Тип балтского жилища для периода раннего Средневековья устанавливается с трудом. По-видимому, это была бревенчатая хижина. Еще в источниках XVII в. типичный литовский дом описан как сооружение из еловых бревен, с большой каменной печью посередине и без дымохода. Зимой вместе с людьми в нем размещался скот. Для общественной организации балтских племен было характерно клановое объединение. Глава клана обладал абсолютной властью над остальными сородичами; женщина была совершенно исключена из общественной жизни. Земледелие и животноводство прочно укоренилось в хозяйственном быту, но основными отраслями экономики все еще были охота и рыболовство.

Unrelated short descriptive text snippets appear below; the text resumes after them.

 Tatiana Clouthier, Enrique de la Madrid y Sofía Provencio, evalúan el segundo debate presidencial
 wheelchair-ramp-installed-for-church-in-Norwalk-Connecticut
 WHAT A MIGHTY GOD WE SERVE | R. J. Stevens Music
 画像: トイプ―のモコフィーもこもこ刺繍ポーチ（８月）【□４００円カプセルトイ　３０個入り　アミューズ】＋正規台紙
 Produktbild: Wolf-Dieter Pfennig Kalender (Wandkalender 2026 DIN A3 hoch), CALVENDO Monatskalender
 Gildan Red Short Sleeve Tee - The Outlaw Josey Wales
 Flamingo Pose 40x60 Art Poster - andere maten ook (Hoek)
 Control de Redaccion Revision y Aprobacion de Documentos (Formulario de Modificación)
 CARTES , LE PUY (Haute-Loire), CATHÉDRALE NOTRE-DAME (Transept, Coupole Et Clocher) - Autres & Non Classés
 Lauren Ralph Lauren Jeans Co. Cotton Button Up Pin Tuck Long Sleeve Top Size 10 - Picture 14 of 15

Тесные контакты балтов и славян облегчались не только значительной языковой близостью, но и родственностью религиозных представлений, объясняющейся индоевропейским происхождением тех и других, а также отчасти венетским влиянием. Помимо культа Перуна, общим для обоих народов было почитание лесного духа — лешего (литовский ликшай) и погребальный обряд — трупосожжение. Но балтское язычество, в отличие от славянского, носило более архаический и сумрачный характер, выражавшийся, например, в поклонении змеям и муравьям и широком распространении колдовства, ворожбы и чародейства. Поздняя Киевская летопись передает, что литовский князь Миндовг (XIII в.) даже после принятия христианства тайно поклонялся языческим божествам, среди которых была такая экзотическая фигура, как Диверкис — бог зайца и змеи.

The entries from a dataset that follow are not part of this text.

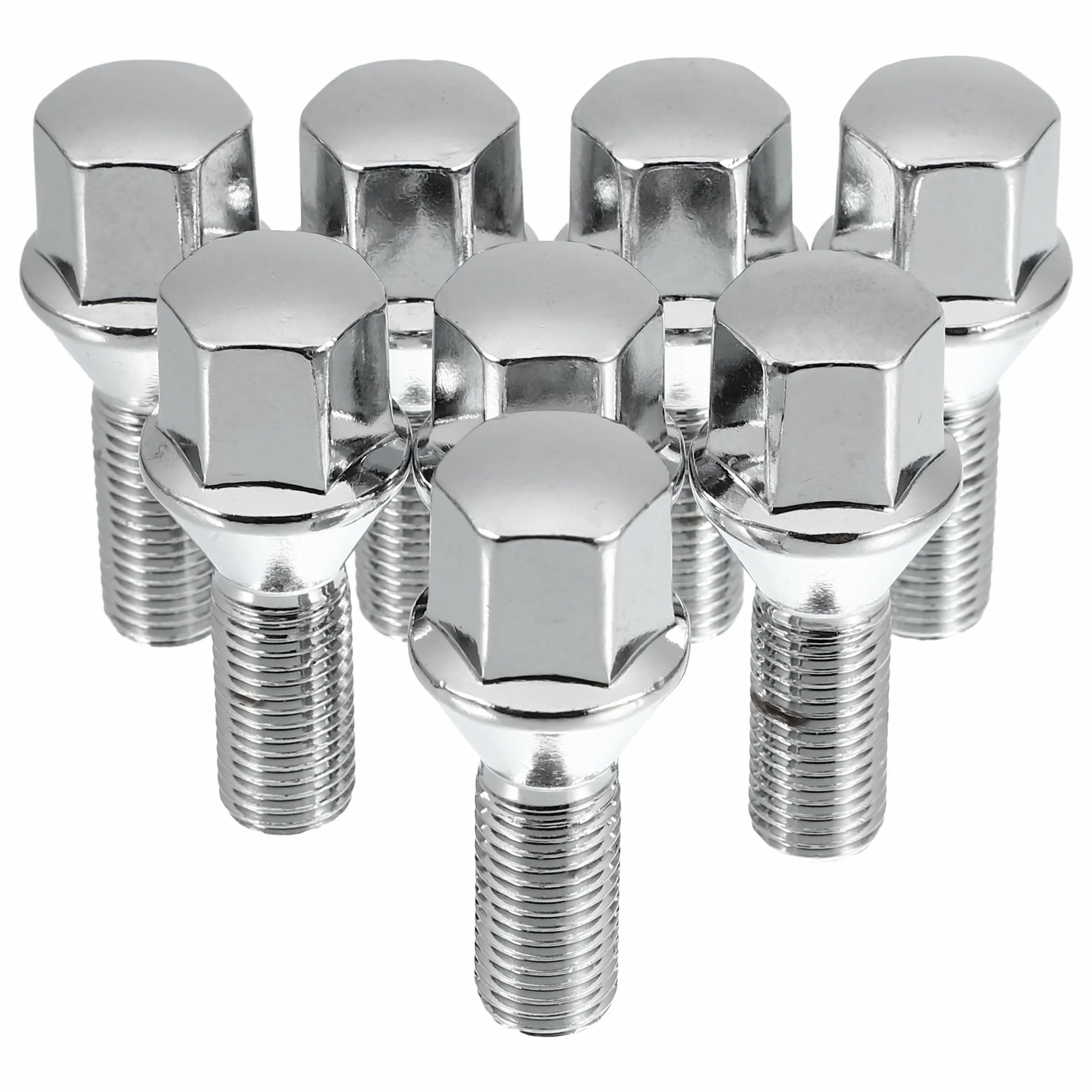 QUARKZMAN M12 x 1.5 Ruota Bulloni Conicità 60° Cromo Ruota Borchie Set 8pz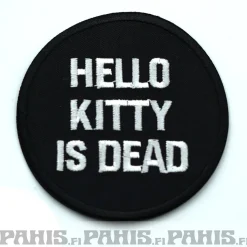 Online Hello Kitty is dead - kangasmerkki Haalarimerkit|Kangasmerkit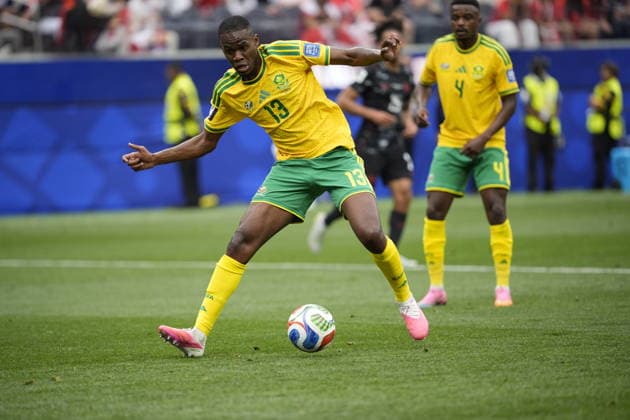 South Africa v Canada - FIFA World Cup, WM, Weltmeisterschaft, Fussball 2026 - Round of 32 INGLEWOOD, CALIFORNIA - JUNE 28: Sphephelo Sithole of South Africa in action during the 2026 FIFA World Cup Round of 32 match between South Africa and Canada at Los Angeles Stadium (SoFi Stadium) in Inglewood, California, United States on June 28, 2026. Tayfun Coskun Anadolu California United States. Editorial use only. Please get in touch for any other usage.  Copyright: x2026xAnadoluxTayfunxCoskunx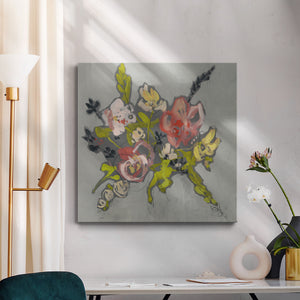 Blush & Paynes Bouquet II-Premium Gallery Wrapped Canvas - Ready to Hang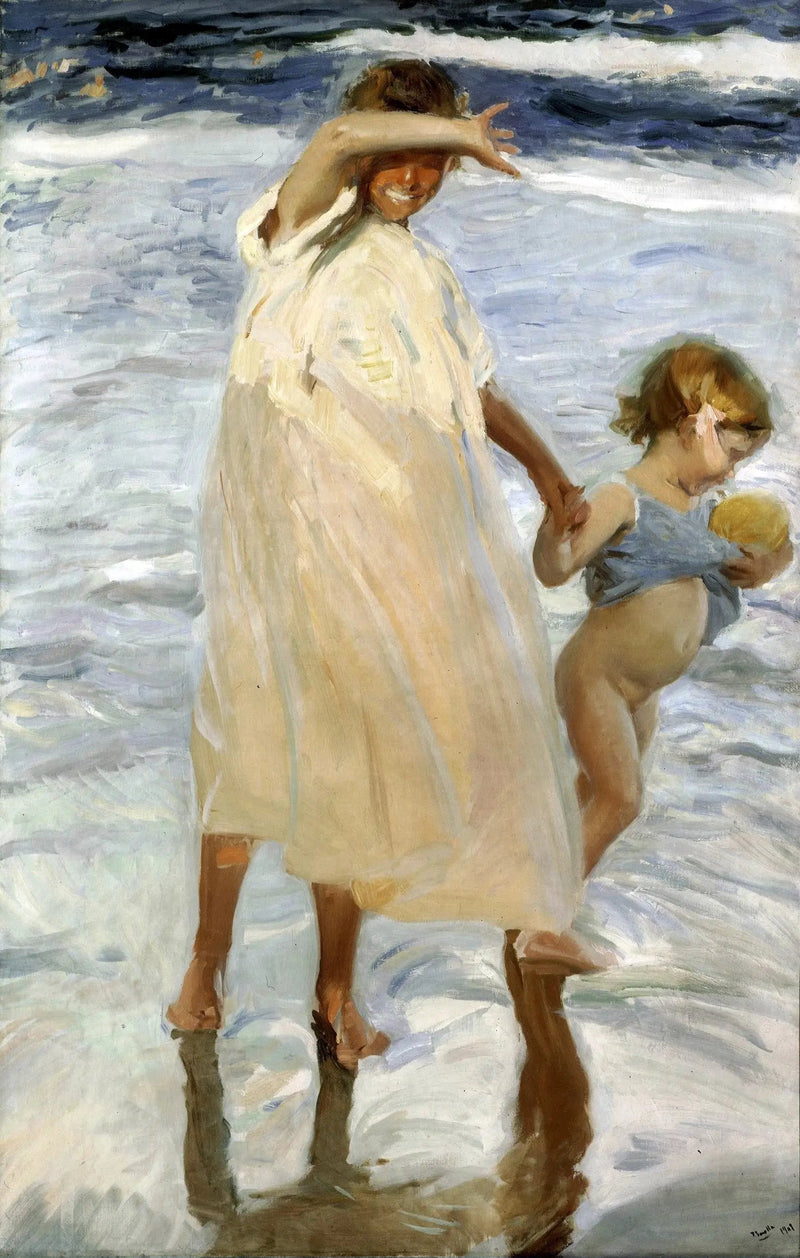 Two Sisters, Valencia - Joaquín Sorolla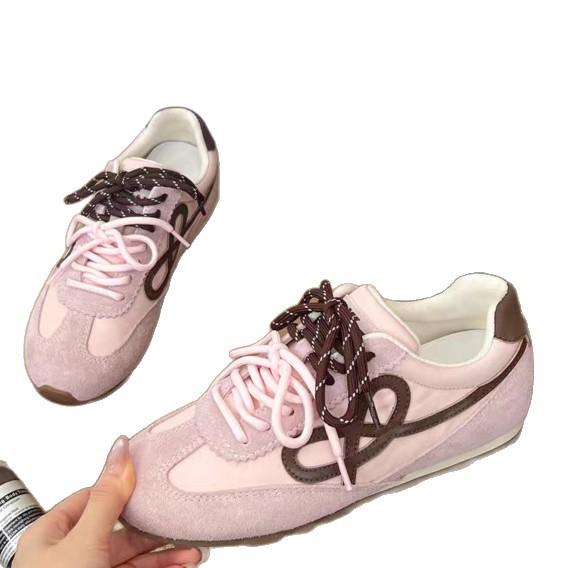 Cowhide version~ inner height increase 5cm German training shoes women's shoes autumn 2025 new sports and leisure Forrest Gump shoes tide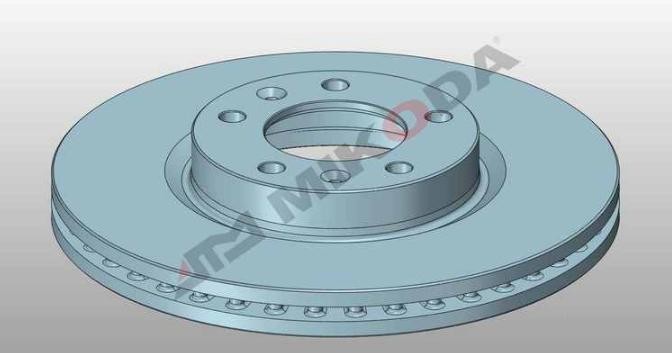 MIKODA 0557: Remschijf Ø: 283mm, interne ventilatie, Ø: 283mm
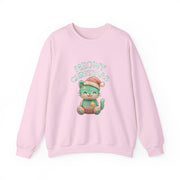Meowy Christmas Sweatshirt, Cozy Cat Crewneck, Cat Lover Gift, Holiday Apparel, Winter Fashion
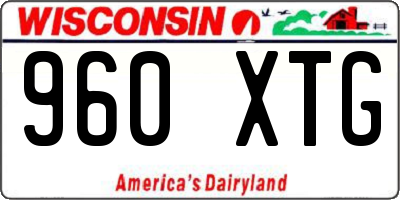WI license plate 960XTG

Значительно более крепкой, по сравнению со славянами, приверженностью к язычеству балты были обязаны, по-видимому, существованию у них влиятельного жреческого сословия — вайделотов, которые держали под своим контролем светскую власть и переносили идею межплеменного единства из политической сферы в духовную, представляя ее как верность традиционным божествам. Благодаря господству вайделотов обычаи балтских племен были насквозь проникнуты религиозным началом. Например, обычай, согласно которому отец семейства имел право убивать своих больных или увечных детей, был освящен следующей богословской сентенцией: «Слуги литовских богов должны не стенать, но смеяться, потому что бедствие человеческое причиняет скорбь богам и людям»; на том же основании дети со спокойной совестью отправляли на тот свет своих престарелых родителей, а во время голода мужчины избавлялись от женщин, девочек и младенцев женского пола. Прелюбодеев отдавали на съедение псам, так как они надругались над богами, знающими только два состояния — супружества и девства. Человеческие жертвоприношения вообще не только дозволялись, но и поощрялись: «Кто в здоровом теле захочет принести в жертву богам себя, или своего ребенка, или домочадца, тот может сделать это беспрепятственно, потому что, освященные через огонь и блаженные, будут они веселиться вместе с богами». Верховные жрецы и сами по большей части заканчивали жизнь добровольным самосожжением, чтобы умилостивить богов.